It was after dark before they finally restarted the race. As it often does, finicky Florida weather blew in from the West and stopped the race after covering only about 90 of the schedules 500 miles. The made it all the way to lap 38 before the thunderstorm struck and brought the Daytona 500 to a screeching halt.
Then came the tornado warnings which called for a mandatory clearing of the grandstands. What a mess. All those people and no one wanted to leave. Everyone figured that the shower would pass as they often do and they could get on with the race.
But there was a good bit of action before the rain delay occurred. Young Austin Dillon, who happens to be Richard Childress’s grandson, had won the pole position driving a Chevy with the number three on it, which was a little ire to some race fans who might have been at Daytona in 2001 when Dale Earnhardt Senior ran his #3 car into a wall and lost his life, on the last lap right there at Daytona.
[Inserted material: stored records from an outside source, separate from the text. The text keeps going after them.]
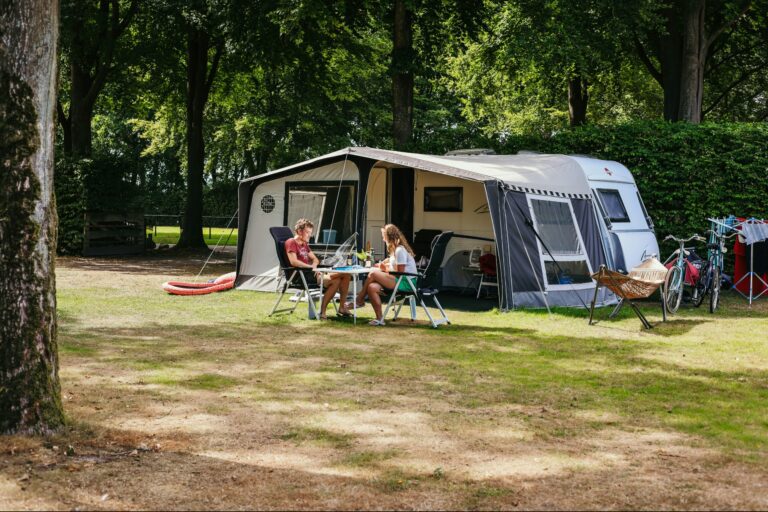 Recreatiepark Ermerstrand - Bild 10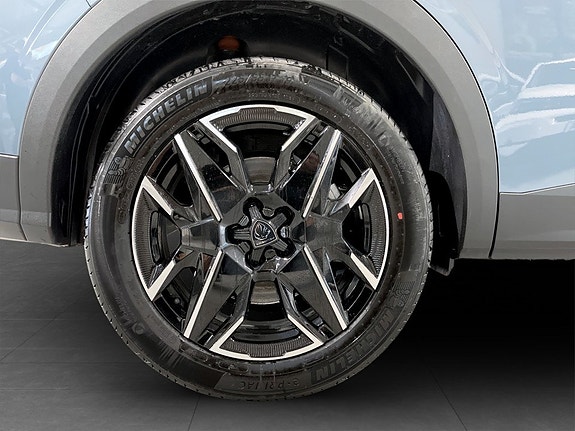 Peugeot 5008 14 of 15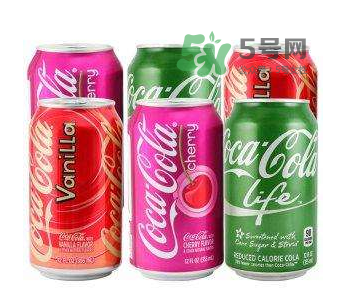 櫻桃可樂一股杏仁味正常嗎？櫻桃可樂為什么會(huì)有杏仁味？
But Dillon won the pole and everyone was all set for an exciting afternoon of racing. The ‘good ole boys’ (and one girl) were about to take to the track! Dillon did lead for the first lap before being passed by Denny Hamlin who settled into first place before picking up a piece of paper on his radiator which caused his 600 horsepower race car to overheat, such a small thing.
But Hamlin did a cool thing. He gave up the lead and dropped back behind another car hoping draft him a bit and try to blow off that damned piece of paper, and it actually worked! But he lost the lead.
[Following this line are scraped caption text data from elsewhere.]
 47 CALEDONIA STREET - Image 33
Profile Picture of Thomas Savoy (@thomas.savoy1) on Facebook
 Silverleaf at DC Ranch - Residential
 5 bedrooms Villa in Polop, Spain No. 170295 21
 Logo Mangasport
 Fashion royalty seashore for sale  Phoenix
On lap 22 rookie driver Kyle Larson managed to find the wall after spinning out in turn two which brought out the first yellow caution flag of the afternoon. Then the fun began. Everyone decided to head for the pits at the same time and things got a little jammed up with all the jockeying for position and each driver trying to find their own space.
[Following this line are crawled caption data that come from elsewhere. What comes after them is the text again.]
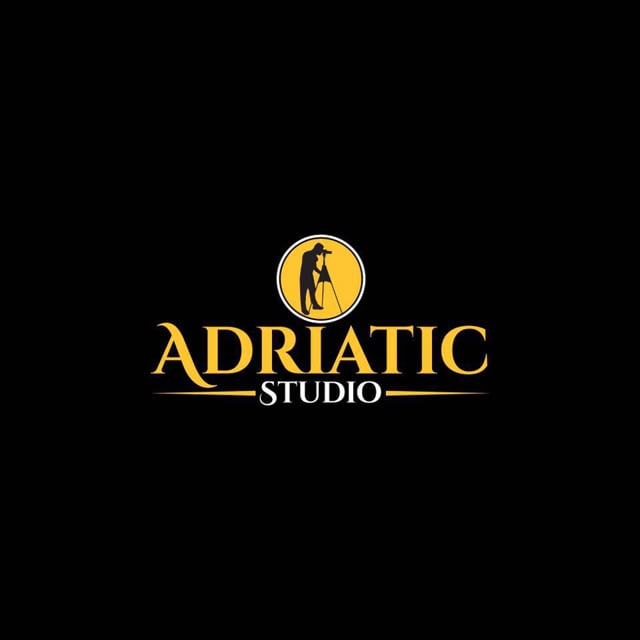 Adriatic Studio Adriatic Studio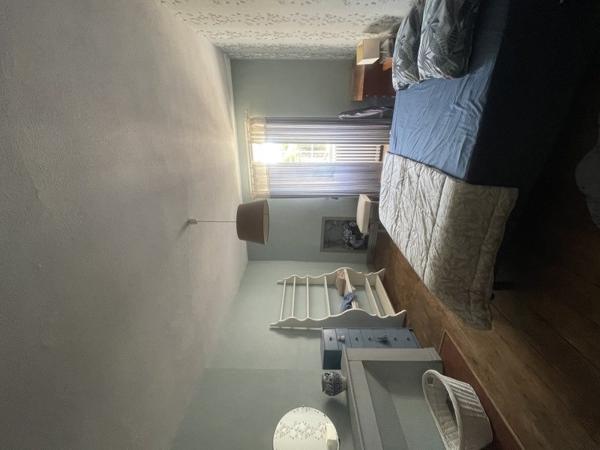 Maison à vendre |  Gramat |  5 pièces | 130 m²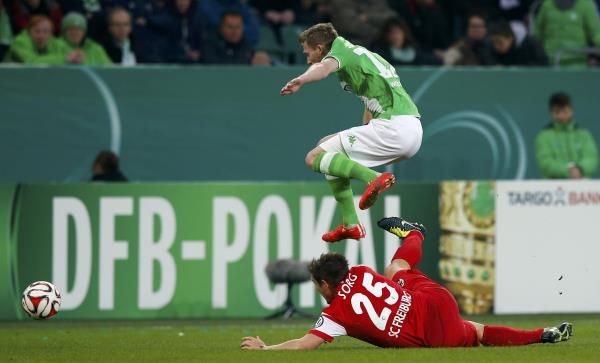 2015-04-07t175119z_1489801797_lr2eb471dl9wa_rtrmadp_3_soccer-germany-cup_reuters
Matt Kenseth managed to run right past his crew and ended up entering the pits backwards. His crew was forced to service the car facing in the wrong direction.
Kyle Bush had worked his way into the lead by the time the rain started with Kasey Kahne, Denny Hamlin and Brian Vickers right behind him followed by Menard, Keselowski, Jeff Gordon, Logano, Stenhouse, Dale Jr. and the pole-sitter Austin Dillon.